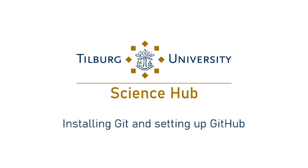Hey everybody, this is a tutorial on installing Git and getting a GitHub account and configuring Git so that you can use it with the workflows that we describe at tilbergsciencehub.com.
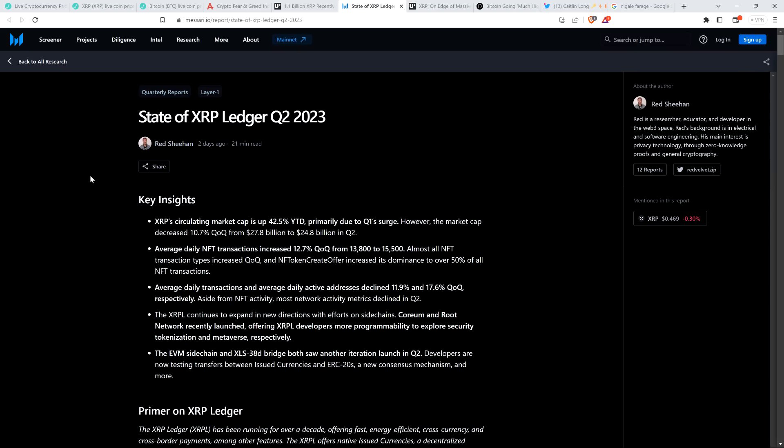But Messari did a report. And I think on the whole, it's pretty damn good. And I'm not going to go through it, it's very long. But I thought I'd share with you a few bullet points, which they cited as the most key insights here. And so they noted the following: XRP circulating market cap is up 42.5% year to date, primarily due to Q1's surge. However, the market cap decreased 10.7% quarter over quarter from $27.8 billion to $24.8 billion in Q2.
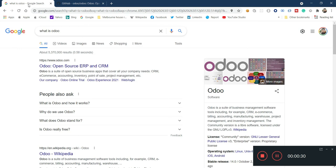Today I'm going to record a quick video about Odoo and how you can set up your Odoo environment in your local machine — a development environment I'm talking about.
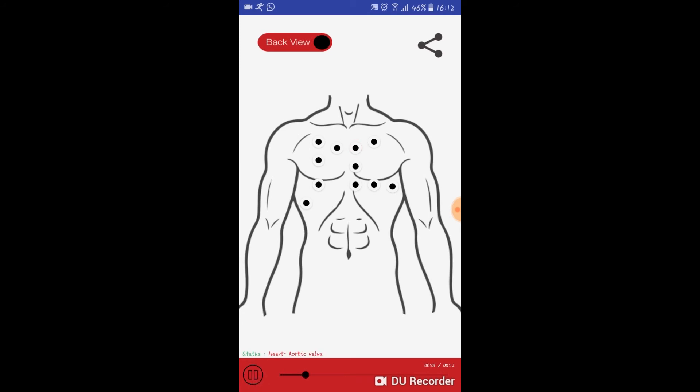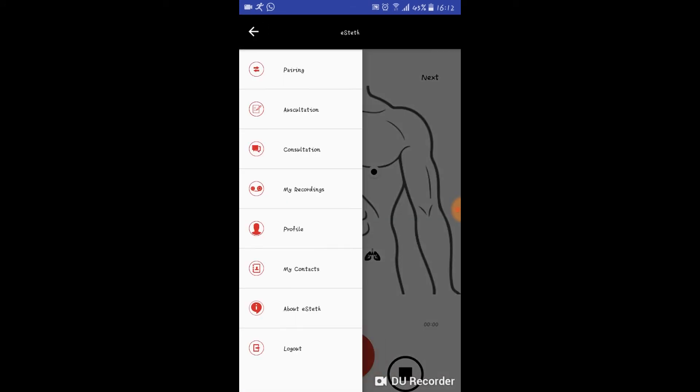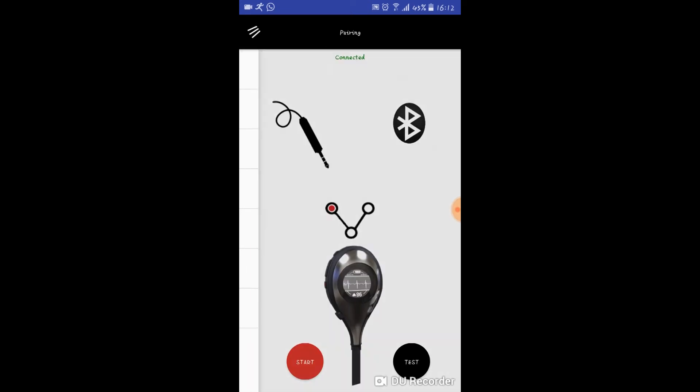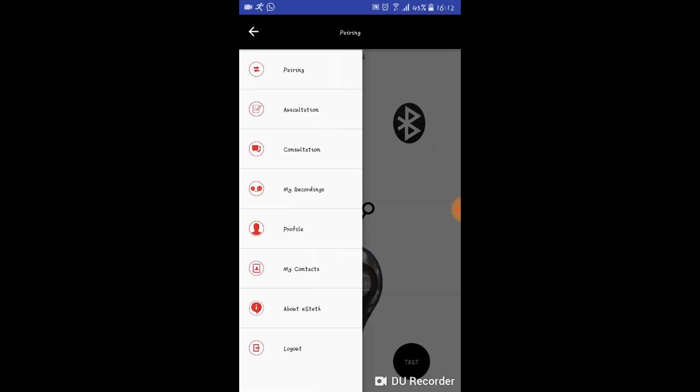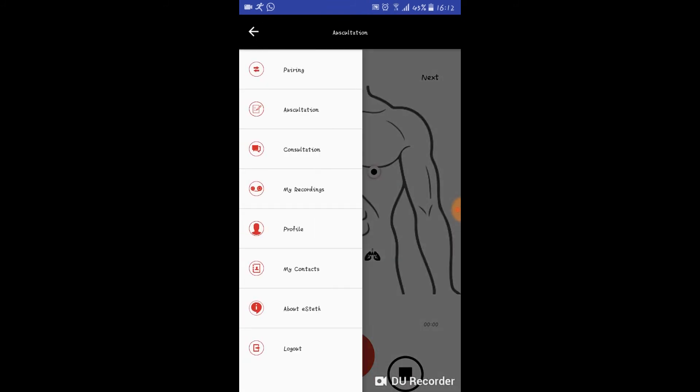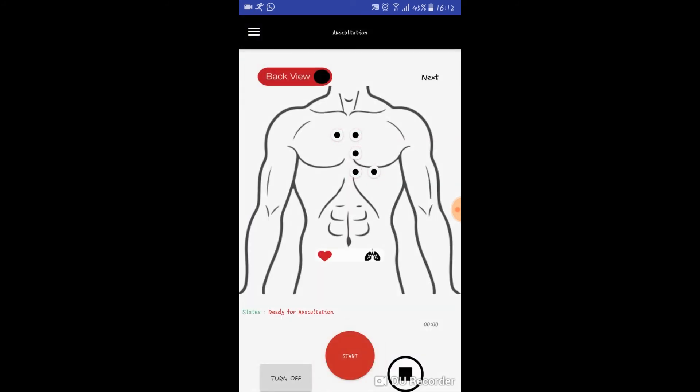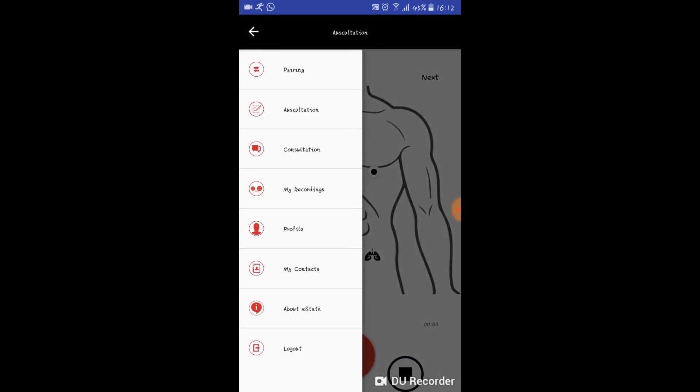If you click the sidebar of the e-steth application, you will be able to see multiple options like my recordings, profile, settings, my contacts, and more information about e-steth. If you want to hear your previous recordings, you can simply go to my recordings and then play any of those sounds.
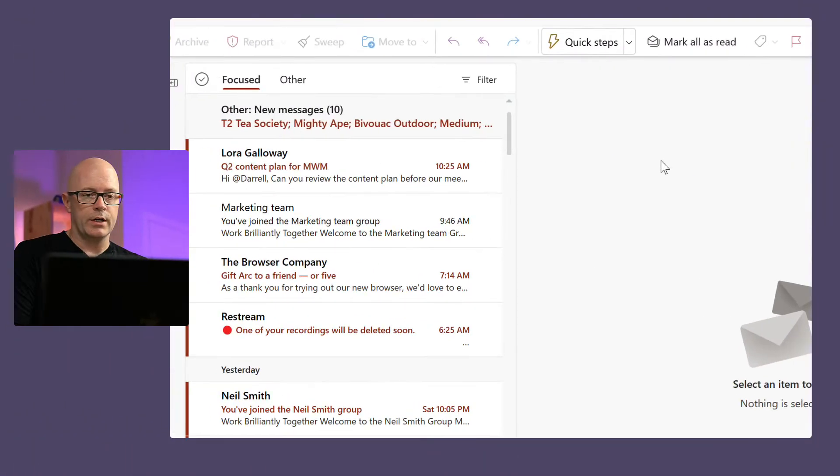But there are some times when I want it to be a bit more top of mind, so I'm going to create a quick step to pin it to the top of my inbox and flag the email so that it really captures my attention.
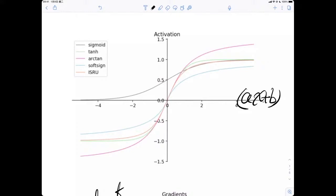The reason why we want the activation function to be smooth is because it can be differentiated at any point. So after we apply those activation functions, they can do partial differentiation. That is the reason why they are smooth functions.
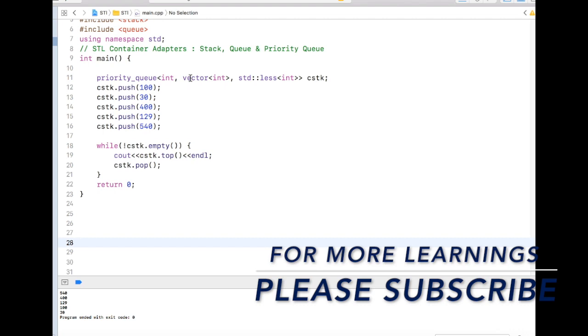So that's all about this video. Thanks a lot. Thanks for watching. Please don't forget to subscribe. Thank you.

□ □ □ □ □ □ □

▶ [Exercise description]: Each line from the one holding "Today I'm going" to the end of the records above must be copied exactly; the pictures must not be copied.

▶ [Exercise answer]:
Today I'm going to record a quick video about Odoo and how you can set up your Odoo environment in your local machine — a development environment I'm talking about.
If you click the sidebar of the e-steth application, you will be able to see multiple options like my recordings, profile, settings, my contacts, and more information about e-steth. If you want to hear your previous recordings, you can simply go to my recordings and then play any of those sounds.
But there are some times when I want it to be a bit more top of mind, so I'm going to create a quick step to pin it to the top of my inbox and flag the email so that it really captures my attention.
The reason why we want the activation function to be smooth is because it can be differentiated at any point. So after we apply those activation functions, they can do partial differentiation. That is the reason why they are smooth functions.
So that's all about this video. Thanks a lot. Thanks for watching. Please don't forget to subscribe. Thank you.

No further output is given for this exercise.